### Stored data
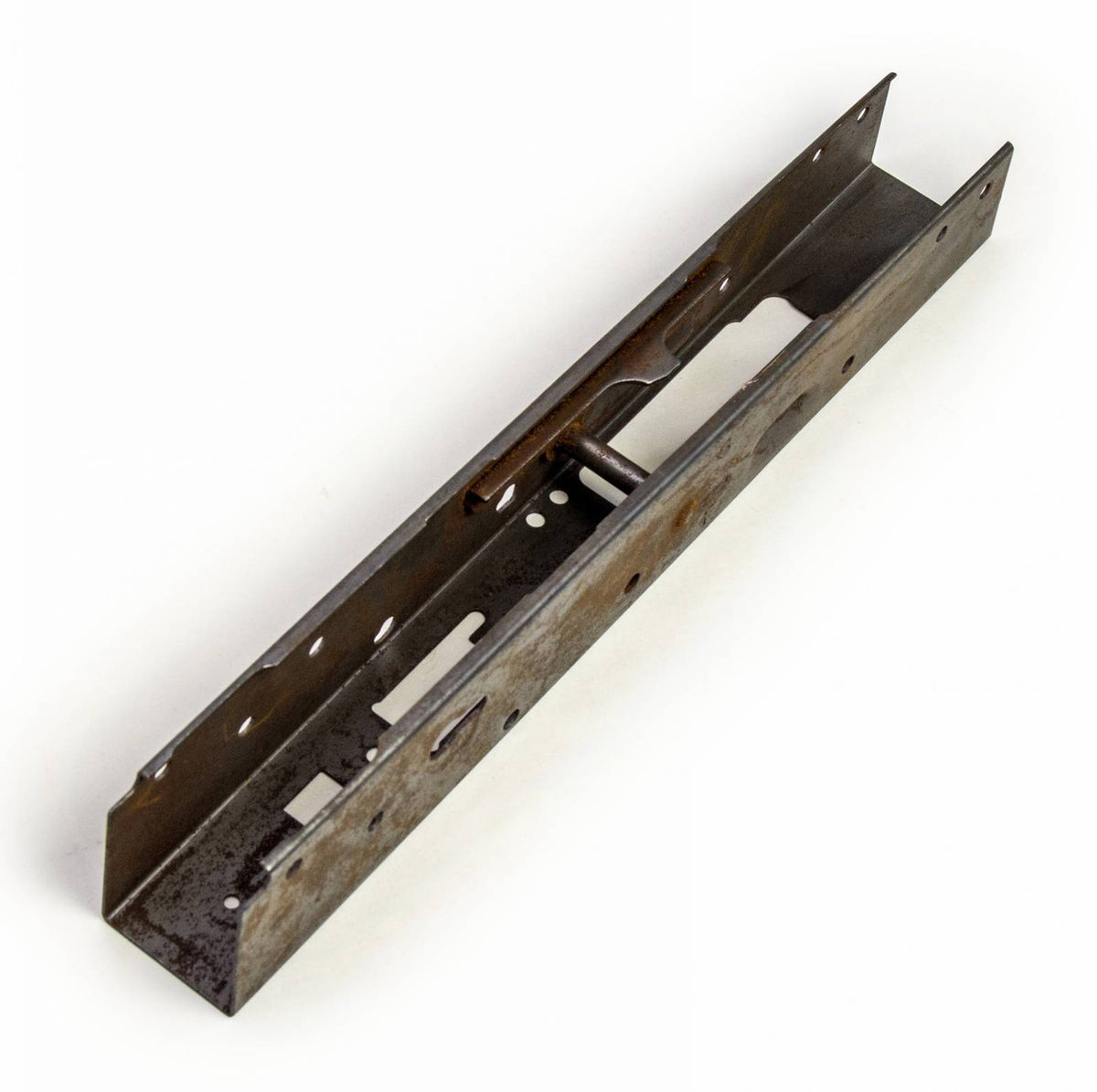 AK Pistol Receiver 7.62x39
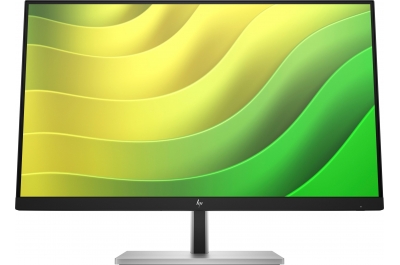 HP E24q G5 QHD Monitor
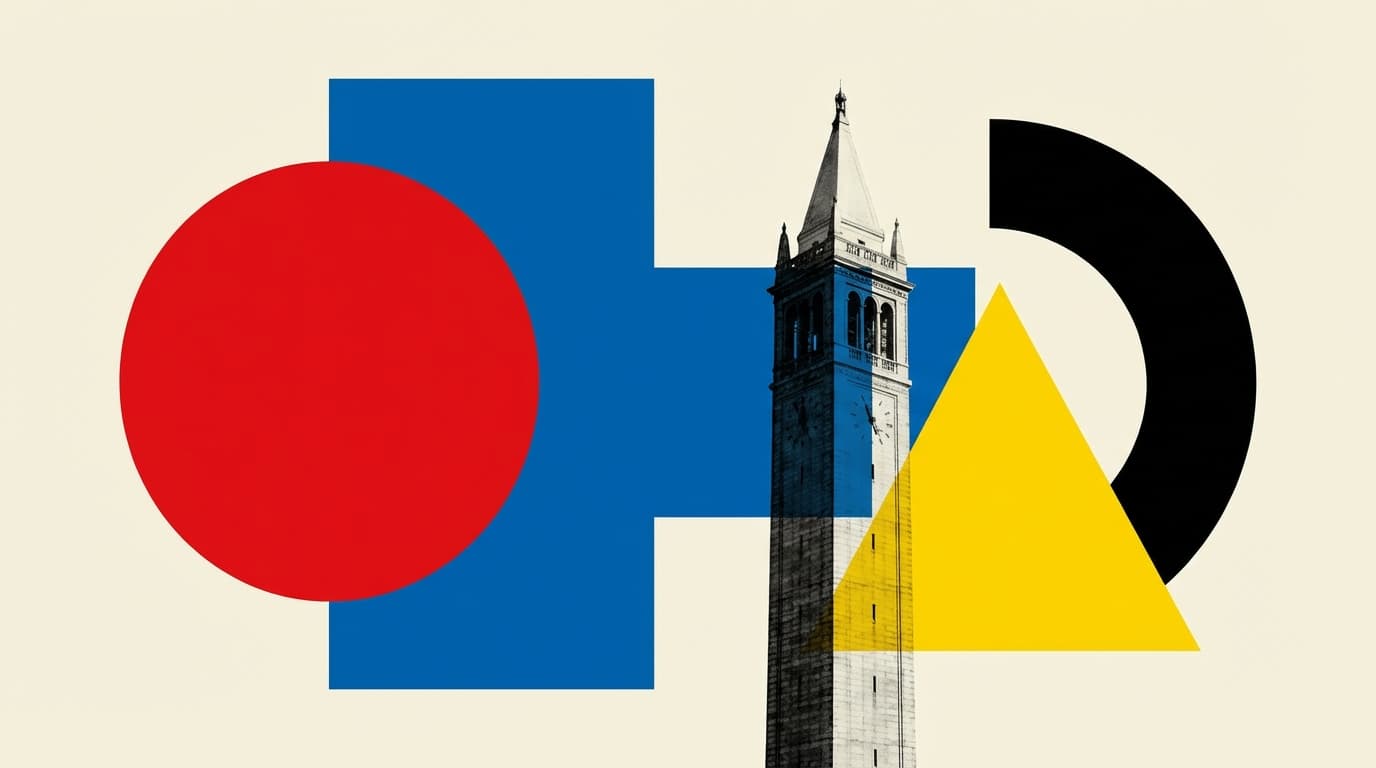 The Tech Talent Pipeline: Where 2025 Grads Come From and Which Schools Mint Unicorn Founders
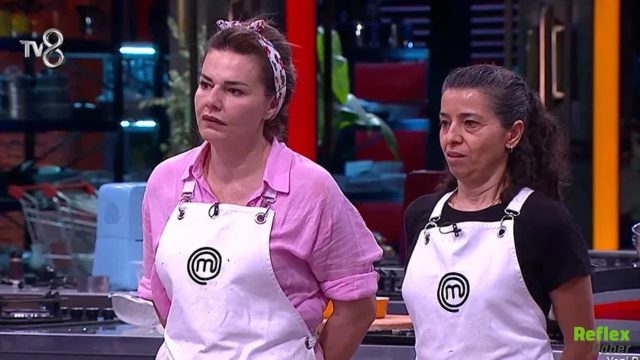 MasterChef Ana Kadroya Giren Yarışmacılar Kim Oldu? Kimler Yarışacak? 2026 Temmuz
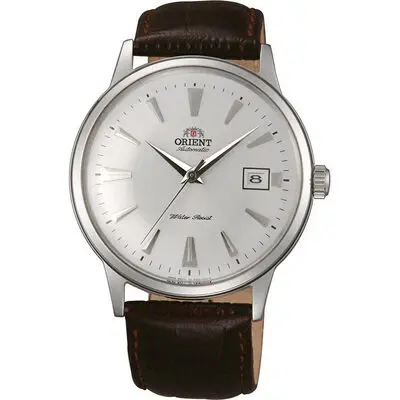 Orient 2nd Generation Bambino Classic Automatic FAC00005W0 TAC00005W0 Men's Watch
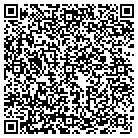 QR code with Pillowtex Fieldcrest Cannon contacts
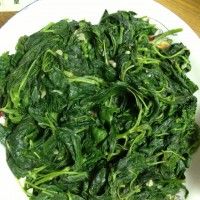 埃及帝王菜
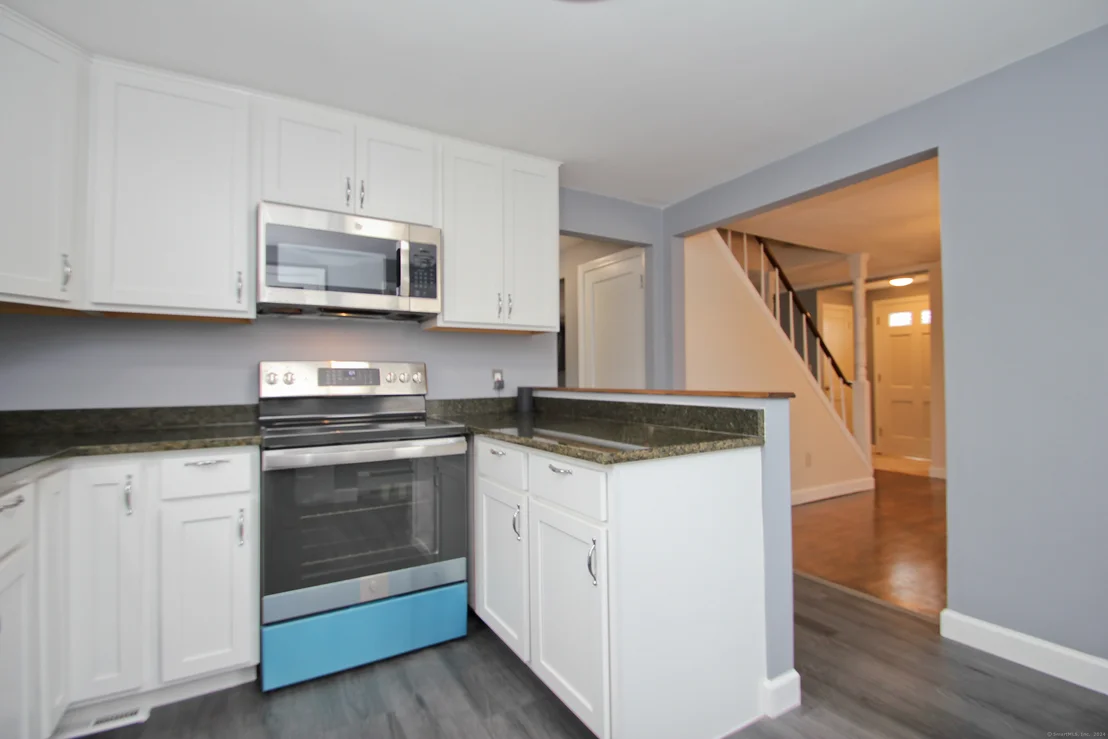 Photo of 415 Elm Street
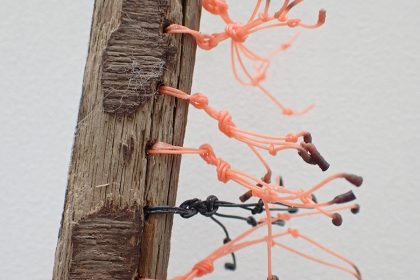 Composites Possessions No.3 - Steve McPherson Composites Possessions No.3 - Steve McPherson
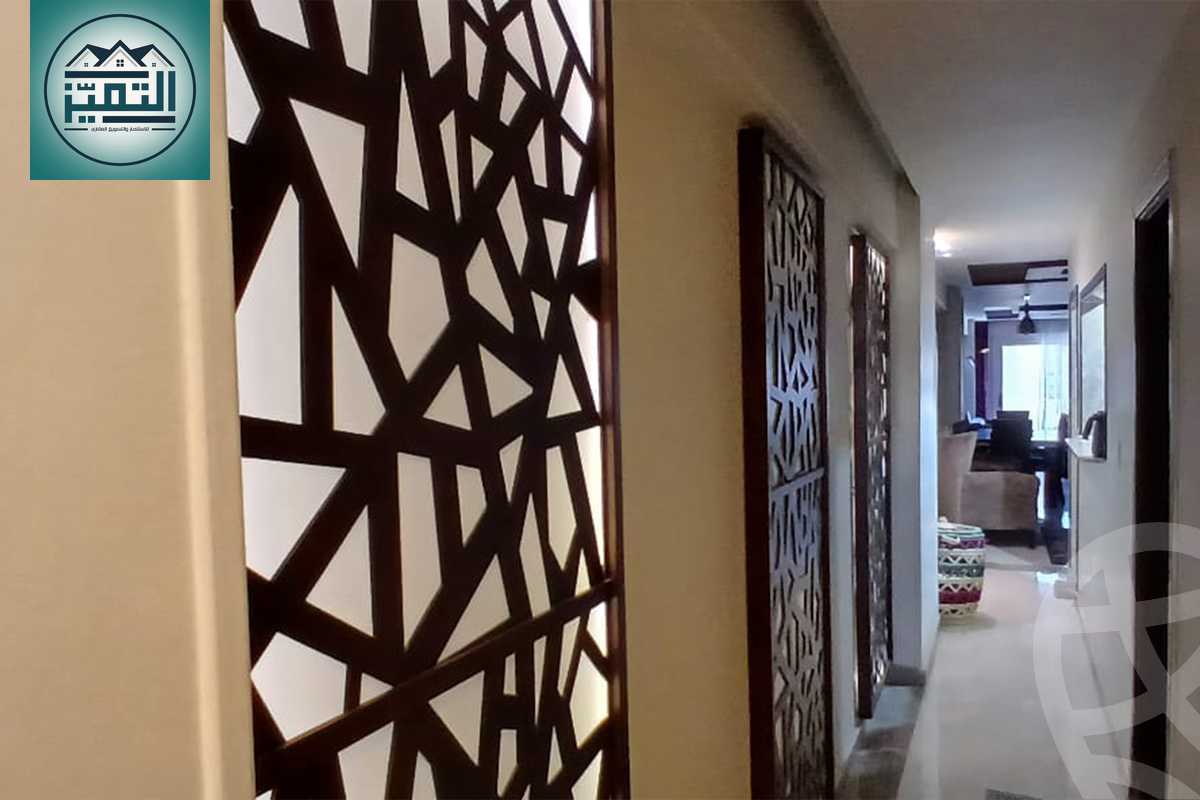 https://aqarmap.com.eg/en/listing/5868805-for-sale-alexandria-sporting-shr-bwr-s-yd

### Requirement
Set down the line containing "QR code with" and every line after it up to the end of the material, exactly as written, but not the pictures.

### Response box
 QR code with Pillowtex Fieldcrest Cannon contacts
 埃及帝王菜
 Photo of 415 Elm Street
 Composites Possessions No.3 - Steve McPherson Composites Possessions No.3 - Steve McPherson
 https://aqarmap.com.eg/en/listing/5868805-for-sale-alexandria-sporting-shr-bwr-s-yd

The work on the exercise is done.